Prompt: Copy, word for word, the lines of the entries below between the one with "2019 Chevrolet Colorado 2WD Work Truck" and the one with "Opel Crossland 1.2", inclusive, and leave out everything else.

Dataset content:

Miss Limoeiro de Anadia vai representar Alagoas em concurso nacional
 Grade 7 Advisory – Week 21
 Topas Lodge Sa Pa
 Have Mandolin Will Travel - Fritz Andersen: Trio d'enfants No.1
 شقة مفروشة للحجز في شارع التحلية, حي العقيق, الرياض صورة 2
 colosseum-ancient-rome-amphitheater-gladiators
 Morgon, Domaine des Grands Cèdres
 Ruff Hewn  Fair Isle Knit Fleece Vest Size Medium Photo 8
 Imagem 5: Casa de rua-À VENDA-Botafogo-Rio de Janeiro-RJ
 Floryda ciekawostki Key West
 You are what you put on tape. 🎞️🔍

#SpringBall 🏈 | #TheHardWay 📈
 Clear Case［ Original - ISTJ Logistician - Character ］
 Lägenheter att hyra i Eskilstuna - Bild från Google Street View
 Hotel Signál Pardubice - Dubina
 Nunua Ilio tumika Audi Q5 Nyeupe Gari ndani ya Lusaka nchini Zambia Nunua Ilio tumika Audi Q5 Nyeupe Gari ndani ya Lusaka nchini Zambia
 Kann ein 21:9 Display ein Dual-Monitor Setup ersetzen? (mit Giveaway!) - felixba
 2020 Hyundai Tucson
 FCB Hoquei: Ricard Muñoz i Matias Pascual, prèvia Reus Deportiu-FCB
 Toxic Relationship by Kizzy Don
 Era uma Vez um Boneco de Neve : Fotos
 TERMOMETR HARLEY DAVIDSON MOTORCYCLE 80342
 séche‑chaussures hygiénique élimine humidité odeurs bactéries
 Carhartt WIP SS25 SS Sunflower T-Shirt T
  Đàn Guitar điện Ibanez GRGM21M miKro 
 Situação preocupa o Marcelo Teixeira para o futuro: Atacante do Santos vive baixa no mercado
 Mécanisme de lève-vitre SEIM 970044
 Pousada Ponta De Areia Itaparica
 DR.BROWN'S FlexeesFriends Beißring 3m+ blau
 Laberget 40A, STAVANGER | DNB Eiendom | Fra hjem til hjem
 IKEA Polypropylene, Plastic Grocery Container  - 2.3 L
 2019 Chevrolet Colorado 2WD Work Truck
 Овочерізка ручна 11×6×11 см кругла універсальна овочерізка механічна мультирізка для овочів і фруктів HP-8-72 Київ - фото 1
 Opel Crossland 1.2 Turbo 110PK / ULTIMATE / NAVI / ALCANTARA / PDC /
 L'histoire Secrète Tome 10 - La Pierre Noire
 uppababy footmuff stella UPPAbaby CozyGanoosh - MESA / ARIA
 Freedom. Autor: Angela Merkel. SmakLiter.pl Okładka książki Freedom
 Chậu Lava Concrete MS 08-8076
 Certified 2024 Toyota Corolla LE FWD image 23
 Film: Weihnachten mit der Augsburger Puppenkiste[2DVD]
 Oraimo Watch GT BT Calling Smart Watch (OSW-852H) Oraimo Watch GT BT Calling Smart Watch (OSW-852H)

Answer to this problem:
 2019 Chevrolet Colorado 2WD Work Truck
 Овочерізка ручна 11×6×11 см кругла універсальна овочерізка механічна мультирізка для овочів і фруктів HP-8-72 Київ - фото 1
 Opel Crossland 1.2 Turbo 110PK / ULTIMATE / NAVI / ALCANTARA / PDC /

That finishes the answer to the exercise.